Torque Pharmaceuticals
- Formation: 1985
- Founder: P.S. Chhatwal
- Type: private

= Torque Pharmaceuticals =

Indian pharmaceutical company

Torque pharmaceuticals is an Indian pharmaceutical company with production units at Issapur, Derabassi in Punjab and at Jharmajri, Baddi in Himachal Pradesh. It manufactures medicines for prevention and treatment of various health related problems. The product range comprises antibiotics, nutritional supplements and cough syrup to antipyretics and anti-inflammatory products.

==History==
Torque Pharmaceuticals was started as a partnership in August 1985 with a small investment of 240,000 INR (US$18000). It started with the production of oral liquids, with manufacturing of tablets starting in 1987. In 1991, after the acquisition of Mac Brown, the manufacturing of small volume parenterals and exports to Uganda commenced.
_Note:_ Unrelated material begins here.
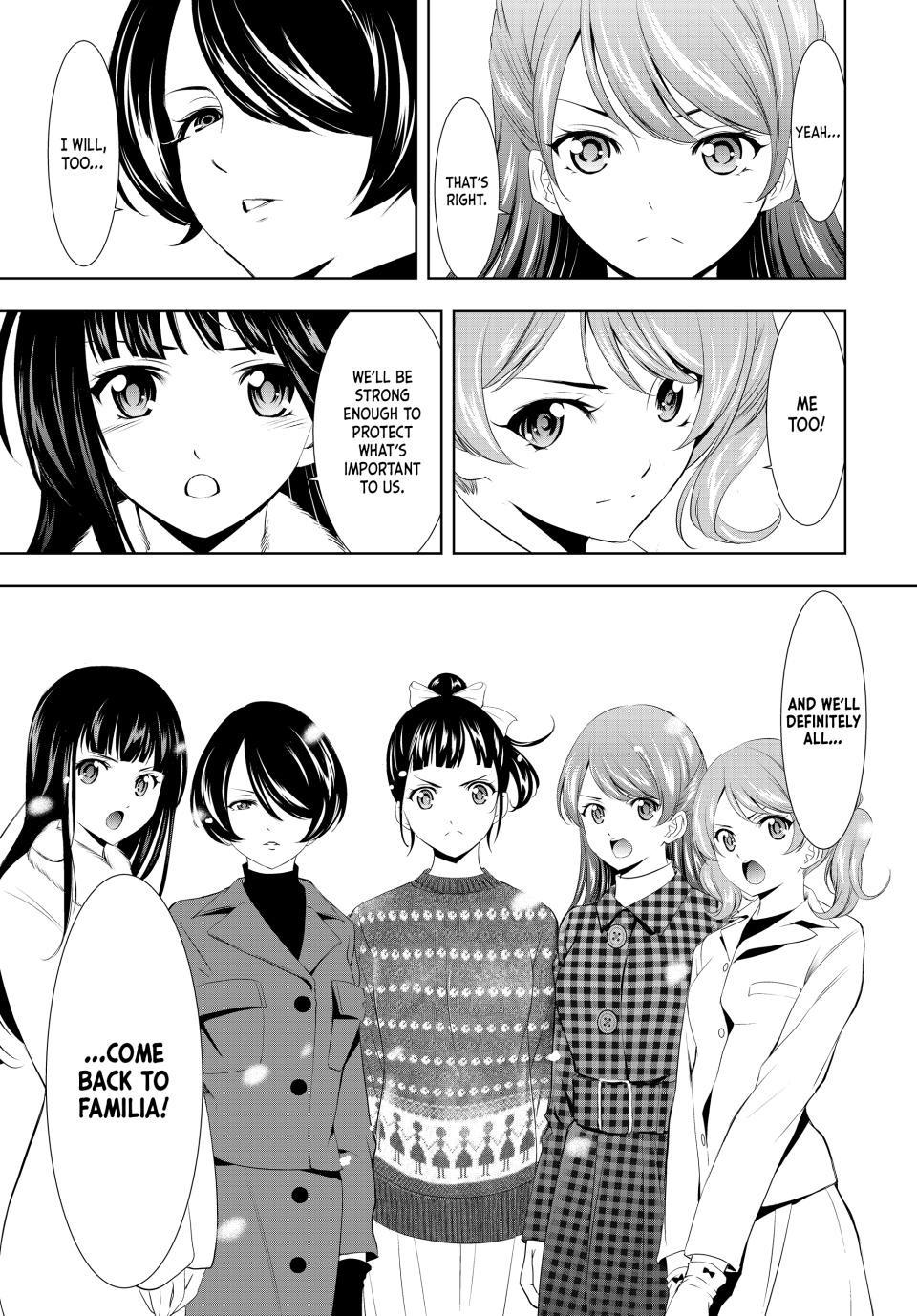 Megami no Café Terrace Chap 123 - Next Chap 124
A manufacturing unit was set up at Derabassi, Himachal Pradesh in 1994 and the company was named as Torque Pharmaceuticals Pvt. Ltd., which started the manufacture of parenterals in 2002. In the same year exports to Mozambique and Angola were started. A WHO-GMP Compliance Certificate was awarded by the Drug Regulatory Authorities in the year 2005, as was ISO 9001-2000 certification. The National Drugs Authority (NDA), Uganda certified TORQUE for export of medicines. Another unit was added in Baddi, Himachal Pradesh in 2006.

Under the campaign to promote Torex Cough Syrup, renowned singer Jagjit Singh was chosen as its ambassador in 2007. The next year the company was inspected by Pharmacy and Poisons Board Kenya and subsequently approved. The existing facilities were further expanded in 2010 with acquisition of 200,000 sq. ft. of constructed area in Baddi. More products were launched under the brand name; Ketomac shampoo and No Scars. Next year, other brands were acquired from Ochoa Labs, such as Canstat, Terbofin and Zincoa. The personal care segment was started with introduction of Ketomac Hair Oil in 2012. A year later, the traditional distribution system of its logistical network was changed to DTS. At present, increases in sales volumes are being stressed.

==Recognition==
Torque has been awarded NSIC-CRISIL SE1B credit rating for ‘Highest Performance Capability & Moderate Financial Strength’, NDA (Uganda) Certification, Certification from Pharmacy & Poisons Board (Kenya) and is a member of Basic Chemicals, Pharmaceuticals & Cosmetics Export Promotion Council (CHEMEXCIL), Delhi Chamber of Commerce, Pharmexil and Pharmabiz.